Problem to solve -
Write out, word for word, every line in the data below from the one containing "Ford Transit Custom" to the one containing "Thumbnail 1 in", both of them included.

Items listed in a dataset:
★ ★ ★ ★

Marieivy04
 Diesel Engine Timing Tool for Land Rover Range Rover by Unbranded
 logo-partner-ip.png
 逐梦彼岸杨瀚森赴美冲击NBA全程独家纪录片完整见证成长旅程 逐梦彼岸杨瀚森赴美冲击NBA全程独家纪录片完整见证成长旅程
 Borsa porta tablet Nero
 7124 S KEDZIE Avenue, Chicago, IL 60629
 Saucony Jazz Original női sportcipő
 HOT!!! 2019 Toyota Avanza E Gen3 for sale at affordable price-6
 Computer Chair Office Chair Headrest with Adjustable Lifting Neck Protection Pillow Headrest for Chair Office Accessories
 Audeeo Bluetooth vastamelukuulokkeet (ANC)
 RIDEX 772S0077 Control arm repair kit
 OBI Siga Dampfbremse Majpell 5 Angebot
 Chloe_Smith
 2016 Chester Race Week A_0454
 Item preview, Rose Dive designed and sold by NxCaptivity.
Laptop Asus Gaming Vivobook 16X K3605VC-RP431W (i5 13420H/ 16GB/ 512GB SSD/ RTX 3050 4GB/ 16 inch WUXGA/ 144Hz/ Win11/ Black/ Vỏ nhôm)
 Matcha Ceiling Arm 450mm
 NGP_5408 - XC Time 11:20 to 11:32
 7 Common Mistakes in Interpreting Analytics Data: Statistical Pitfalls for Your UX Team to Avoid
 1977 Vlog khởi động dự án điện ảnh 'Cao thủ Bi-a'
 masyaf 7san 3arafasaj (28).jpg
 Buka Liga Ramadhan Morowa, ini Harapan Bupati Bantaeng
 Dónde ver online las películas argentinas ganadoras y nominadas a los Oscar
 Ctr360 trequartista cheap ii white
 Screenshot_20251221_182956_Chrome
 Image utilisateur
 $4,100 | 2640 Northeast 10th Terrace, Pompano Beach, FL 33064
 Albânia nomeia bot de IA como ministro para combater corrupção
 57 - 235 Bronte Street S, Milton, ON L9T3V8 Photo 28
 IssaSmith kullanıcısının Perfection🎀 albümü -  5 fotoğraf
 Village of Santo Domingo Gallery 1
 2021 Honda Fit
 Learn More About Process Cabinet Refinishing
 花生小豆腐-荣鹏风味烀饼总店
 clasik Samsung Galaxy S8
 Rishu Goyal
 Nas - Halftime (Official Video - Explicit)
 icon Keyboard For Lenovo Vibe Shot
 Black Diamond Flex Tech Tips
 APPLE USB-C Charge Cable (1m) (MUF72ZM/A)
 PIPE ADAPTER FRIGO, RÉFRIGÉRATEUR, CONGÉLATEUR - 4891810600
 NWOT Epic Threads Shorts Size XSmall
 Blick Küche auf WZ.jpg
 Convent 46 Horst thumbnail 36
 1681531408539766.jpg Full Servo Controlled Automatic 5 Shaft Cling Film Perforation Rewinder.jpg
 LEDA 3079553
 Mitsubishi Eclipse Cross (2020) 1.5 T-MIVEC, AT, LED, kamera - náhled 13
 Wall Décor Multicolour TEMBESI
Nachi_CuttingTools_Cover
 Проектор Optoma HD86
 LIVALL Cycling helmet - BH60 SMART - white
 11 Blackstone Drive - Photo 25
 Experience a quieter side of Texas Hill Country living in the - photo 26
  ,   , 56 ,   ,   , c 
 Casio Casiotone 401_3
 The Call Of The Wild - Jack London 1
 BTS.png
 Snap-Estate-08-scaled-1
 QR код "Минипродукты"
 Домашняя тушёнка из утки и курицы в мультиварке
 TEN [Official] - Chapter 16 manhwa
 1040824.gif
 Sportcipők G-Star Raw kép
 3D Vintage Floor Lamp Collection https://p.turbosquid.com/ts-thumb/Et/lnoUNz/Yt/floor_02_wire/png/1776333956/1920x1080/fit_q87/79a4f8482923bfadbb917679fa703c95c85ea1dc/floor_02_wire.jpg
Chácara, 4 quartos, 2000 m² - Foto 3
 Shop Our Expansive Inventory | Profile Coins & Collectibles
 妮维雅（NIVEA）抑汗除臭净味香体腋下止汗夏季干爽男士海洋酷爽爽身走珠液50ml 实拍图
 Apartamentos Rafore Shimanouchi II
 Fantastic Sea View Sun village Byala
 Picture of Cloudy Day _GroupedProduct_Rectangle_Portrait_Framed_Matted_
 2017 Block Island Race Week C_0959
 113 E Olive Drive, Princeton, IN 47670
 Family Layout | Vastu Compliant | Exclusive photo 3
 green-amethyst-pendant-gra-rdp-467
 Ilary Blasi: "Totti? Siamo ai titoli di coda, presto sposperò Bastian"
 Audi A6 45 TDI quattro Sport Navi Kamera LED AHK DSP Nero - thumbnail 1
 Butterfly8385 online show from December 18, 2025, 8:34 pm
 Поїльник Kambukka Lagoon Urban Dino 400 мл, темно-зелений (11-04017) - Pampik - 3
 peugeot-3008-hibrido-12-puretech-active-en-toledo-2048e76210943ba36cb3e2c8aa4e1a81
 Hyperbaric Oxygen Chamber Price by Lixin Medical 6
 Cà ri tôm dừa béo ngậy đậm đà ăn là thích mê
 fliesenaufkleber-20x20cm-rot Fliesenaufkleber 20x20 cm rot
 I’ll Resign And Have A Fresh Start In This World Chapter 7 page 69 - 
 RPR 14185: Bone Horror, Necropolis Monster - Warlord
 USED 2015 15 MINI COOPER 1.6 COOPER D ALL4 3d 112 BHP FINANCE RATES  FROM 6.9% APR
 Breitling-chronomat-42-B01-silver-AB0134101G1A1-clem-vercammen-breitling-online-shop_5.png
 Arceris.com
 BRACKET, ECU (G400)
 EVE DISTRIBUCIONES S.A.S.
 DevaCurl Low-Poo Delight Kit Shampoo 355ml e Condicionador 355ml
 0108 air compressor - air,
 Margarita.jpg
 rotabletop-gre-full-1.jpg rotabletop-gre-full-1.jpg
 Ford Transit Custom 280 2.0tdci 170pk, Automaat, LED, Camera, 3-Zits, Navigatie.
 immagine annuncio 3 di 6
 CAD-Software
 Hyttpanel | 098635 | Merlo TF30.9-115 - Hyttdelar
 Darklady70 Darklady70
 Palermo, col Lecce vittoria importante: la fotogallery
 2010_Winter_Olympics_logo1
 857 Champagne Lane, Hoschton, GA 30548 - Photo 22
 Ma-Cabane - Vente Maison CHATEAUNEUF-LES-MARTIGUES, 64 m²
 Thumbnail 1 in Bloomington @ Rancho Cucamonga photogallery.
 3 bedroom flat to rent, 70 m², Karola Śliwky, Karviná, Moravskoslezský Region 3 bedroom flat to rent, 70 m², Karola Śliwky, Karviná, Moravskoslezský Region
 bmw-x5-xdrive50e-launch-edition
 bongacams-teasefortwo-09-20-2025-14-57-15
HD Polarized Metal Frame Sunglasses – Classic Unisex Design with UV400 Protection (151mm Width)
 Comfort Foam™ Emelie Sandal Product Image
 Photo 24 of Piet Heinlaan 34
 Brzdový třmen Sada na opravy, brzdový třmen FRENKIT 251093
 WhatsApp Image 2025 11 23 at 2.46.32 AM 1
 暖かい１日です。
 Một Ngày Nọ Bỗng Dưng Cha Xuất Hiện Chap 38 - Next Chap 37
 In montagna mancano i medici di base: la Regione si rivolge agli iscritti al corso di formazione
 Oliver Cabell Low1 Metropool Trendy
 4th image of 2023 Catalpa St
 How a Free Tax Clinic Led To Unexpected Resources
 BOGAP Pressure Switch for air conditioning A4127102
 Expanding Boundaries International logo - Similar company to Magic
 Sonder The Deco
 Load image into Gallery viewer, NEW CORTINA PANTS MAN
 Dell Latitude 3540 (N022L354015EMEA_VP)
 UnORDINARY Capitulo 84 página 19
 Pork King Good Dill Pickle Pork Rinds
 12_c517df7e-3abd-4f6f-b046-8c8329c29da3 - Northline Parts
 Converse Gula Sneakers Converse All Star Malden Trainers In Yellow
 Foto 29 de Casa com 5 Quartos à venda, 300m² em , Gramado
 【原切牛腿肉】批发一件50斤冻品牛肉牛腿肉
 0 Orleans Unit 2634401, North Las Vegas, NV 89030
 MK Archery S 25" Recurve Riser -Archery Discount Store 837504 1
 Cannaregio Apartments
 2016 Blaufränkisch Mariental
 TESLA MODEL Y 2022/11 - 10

★ ★ ★ ★

Result of the exercise -
 Ford Transit Custom 280 2.0tdci 170pk, Automaat, LED, Camera, 3-Zits, Navigatie.
 immagine annuncio 3 di 6
 CAD-Software
 Hyttpanel | 098635 | Merlo TF30.9-115 - Hyttdelar
 Darklady70 Darklady70
 Palermo, col Lecce vittoria importante: la fotogallery
 2010_Winter_Olympics_logo1
 857 Champagne Lane, Hoschton, GA 30548 - Photo 22
 Ma-Cabane - Vente Maison CHATEAUNEUF-LES-MARTIGUES, 64 m²
 Thumbnail 1 in Bloomington @ Rancho Cucamonga photogallery.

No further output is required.